Fejes und Nylander (2019) erwarten eine Verstärkung von Fragmentierungsprozessen, da in der zukünftigen Landkarte der internationalen F. zur Erwachsenen- und Weiterbildung Länder auftreten werden, die bis heute kaum eine Rolle gespielt haben, d. h. asiatische und afrikanische Länder. Die i. F. in diesem Bereich wurde bis dato stark von anglofonen Ländern geprägt, insb. den USA, Kanada und Großbritannien, die somit die Wissensproduktion und -dissemination (z. B. mittels akademischer Zeitschriften) anführten. Dies wird sich voraussichtlich ändern. Die hohe Dynamik aus dem südostasiatischen Raum lässt sich jetzt schon an dem Anstieg internationaler peer-reviewed Artikel asiatischer Wissenschaftlerinnen und Wissenschaftler erkennen.

In der Forschungsförderung der EU im Rahmen der Programme Horizon 2020 und Erasmus+ wurden in den vergangenen Jahren kollaborative Forschungsaktivitäten zum Lernen Erwachsener über die Lebenspanne stark angekurbelt und zu international vergleichenden (international vergleichende Erwachsenenbildungsforschung) und breit rezipierten Forschungsergebnissen geführt (Blossfeld et al., 2014). Europäische Forschungsförderung weist eine hohe gesellschaftliche Relevanz auf und erfolgt im Einklang mit den politischen Prioritäten der EU, die seit vielen Jahren das lebenslange Lernen (lifelong learning) und die Förderung der Kompetenzen Erwachsener als Schlüssel zur Wettbewerbsfähigkeit und zur Milderung von Bildungs- und sozialen Ungleichheiten betrachtet.

Bei den Publikations- und Zitationsmustern in der internationalen F. zur Erwachsenen- und Weiterbildung kann mittels bibliometrischer Studien eine klare Dominanz englischsprachiger Autorinnen und Autoren in internationalen Journals nachgewiesen werden; männliche Autoren werden zudem deutlich häufiger als ihre weiblichen Kolleginnen als „Standardreferenzen“ zitiert, obwohl es weit mehr Beiträge von weiblichen Autorinnen gibt (Fejes & Nylander, 2019, S. 128–133).

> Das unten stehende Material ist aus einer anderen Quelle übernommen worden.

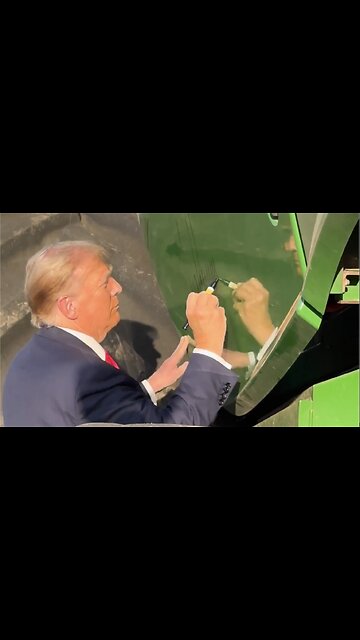 Trump Signs John Deere Combine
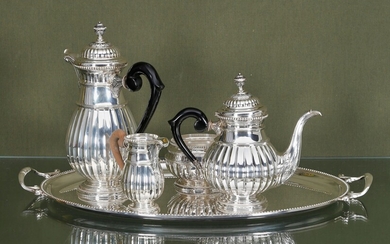 Tea service In silver (835‰) comprising 2 pourers, 1 sugar...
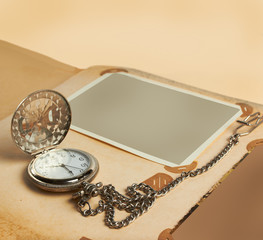 retro album page with vintage clock with chain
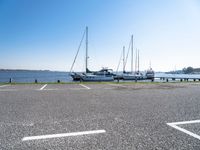 there are many white boats on the water side of the harbor dock in a parking lot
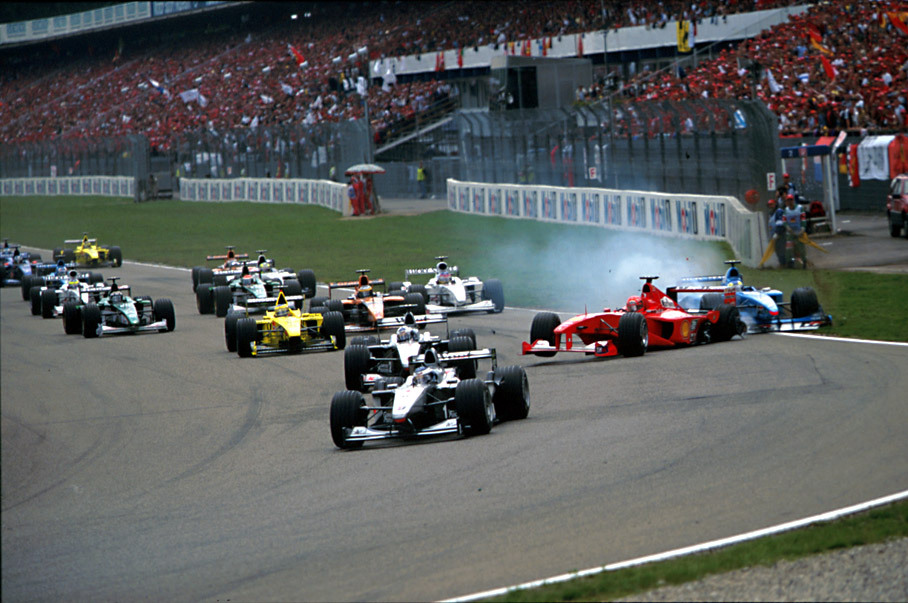 Start incident of Michael Schumacher and a late braking Fisichella
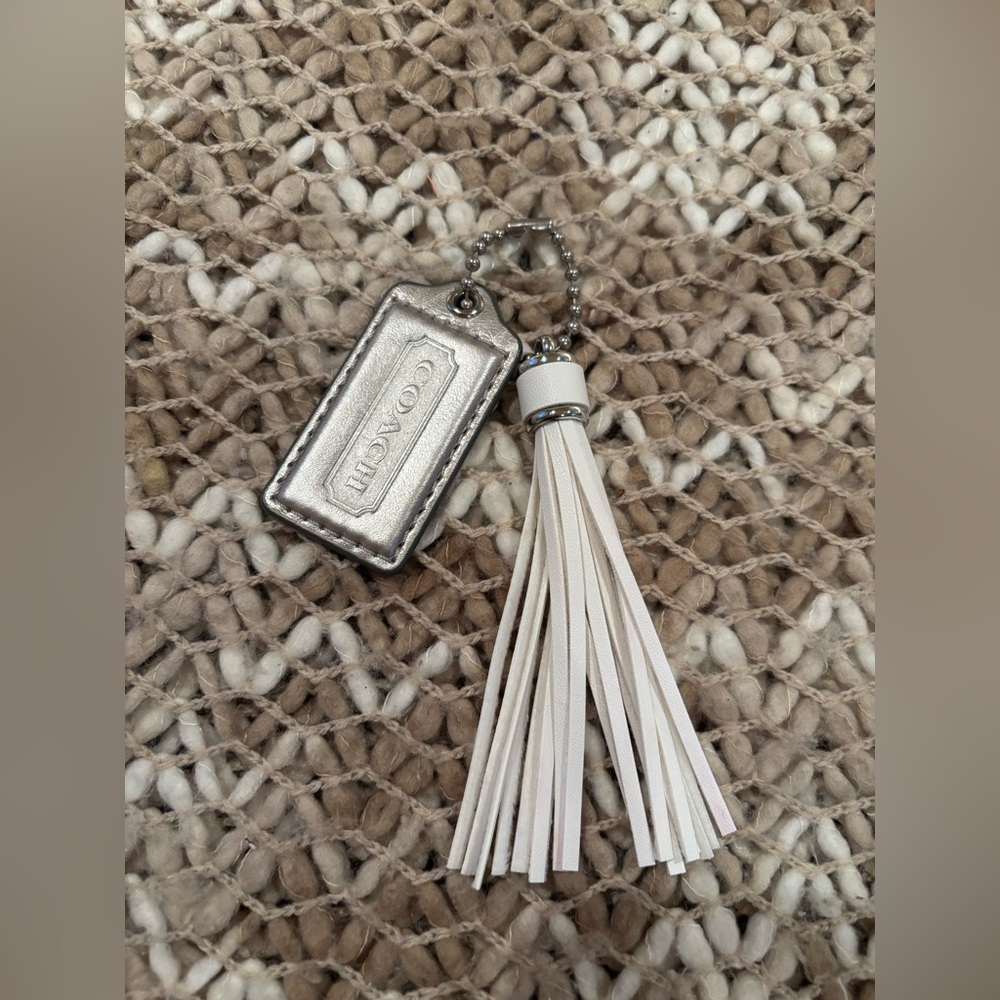 Coach Metallic Silver leather and White Tassel Keychain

Während naturwissenschaftliche Disziplinen mit einem klar definierten Theorie- und Methodenkanon unlängst stark international ausgerichtet sind, war die Erwachsenen- und Weiterbildung aufgrund ihrer Einbettung in nationale Strukturen und historisch entstandene Forschungstraditionen lange Zeit auf die nationale Perspektive beschränkt. In den letzten Jahren hat die i. F. zur Bildung und zum Lernen Erwachsener jedoch erheblich an Bedeutung und Reputation gewonnen – dank ihrer disziplinären Offenheit, der Verfügbarkeit international vergleichender Daten, der europäischen Forschungsförderung sowie den Vernetzungs- und Kooperationsmöglichkeiten (Netzwerke – Kooperationen), die internationale Forschungsgemeinschaften wie die European Society for Research on the Education of Adults (ESREA) oder die International Society for Comparative Adult Education (ISCAE) anbieten. Der Erkenntnisgewinn ist für die erwachsenenbildungswissenschaftliche Disziplin, die Bildungspolitik (Weiterbildungspolitik) und die Bildungspraxis der Erwachsenen- und Weiterbildung gleichsam bedeutend:

  • In der erwachsenenbildungswissenschaftlichen Disziplin wurden die theoretischen, methodischen und kulturspezifischen Grenzen einer national ausgerichteten Forschung erkannt. So besteht mittlerweile Offenheit gegenüber Themen, Diskursen, methodologischen und epistemologischen Praktiken, die neue Blickwinkel eröffnen und auch über regionale und nationale Grenzen hinausgehende Erkenntnisse erbringen. Da hierdurch Wissensterritorien überschritten und Sachverhalte zusammen betrachtet werden, die auf den ersten Blick nicht zusammengehören, wird nicht-standardisiertes Wissen geschaffen.
  • Für die Bildungspolitik kann die i. F. zur Erwachsenen- und Weiterbildung ein solides Fundament empirischer Evidenz liefern. So können bspw. Bedingungen und Möglichkeiten der Implementierung bildungspolitischer Maßnahmen (von der Öffnung von Hochschulen für nicht-traditionelle Gruppen über die Bildung von Migrantinnen und Migranten bis zum Umgang mit gering literalisierten Erwachsenen) ergründet werden und die dadurch gewonnenen Erkenntnisse zum Gelingen von Bildungsreformen beitragen (wissenschaftliche Politikberatung).
  • Nicht zuletzt profitiert die – insb. evidenzorientierte und -informierte – Praxis der Erwachsenen- und Weiterbildung von internationaler F. So können bspw. Untersuchungen zur Nutzung digitaler Medien für Lern- und Bildungsprozesse Erwachsener (digitales Lernen) oder zur Erreichung bildungsferner Gruppen Best-Practice-Beispiele liefern sowie Daten, aus denen Gelingensbedingungen abgeleitet werden können. Werden diese Erkenntnisse von der Praxis nutzbar gemacht, entstehen jedoch – wie die Bildungstransferforschung zeigt – zwangsläufig Passungs- und Transferprobleme, die zu berücksichtigen sind (Wissenstransfer – Wissenschaftskommunikation).

Literatur

Boeren, E. (2017). The methodological underdog: a review of quantitative research in the key adult education journals. Adult Education Quarterly, 68(1), pp. 63–79.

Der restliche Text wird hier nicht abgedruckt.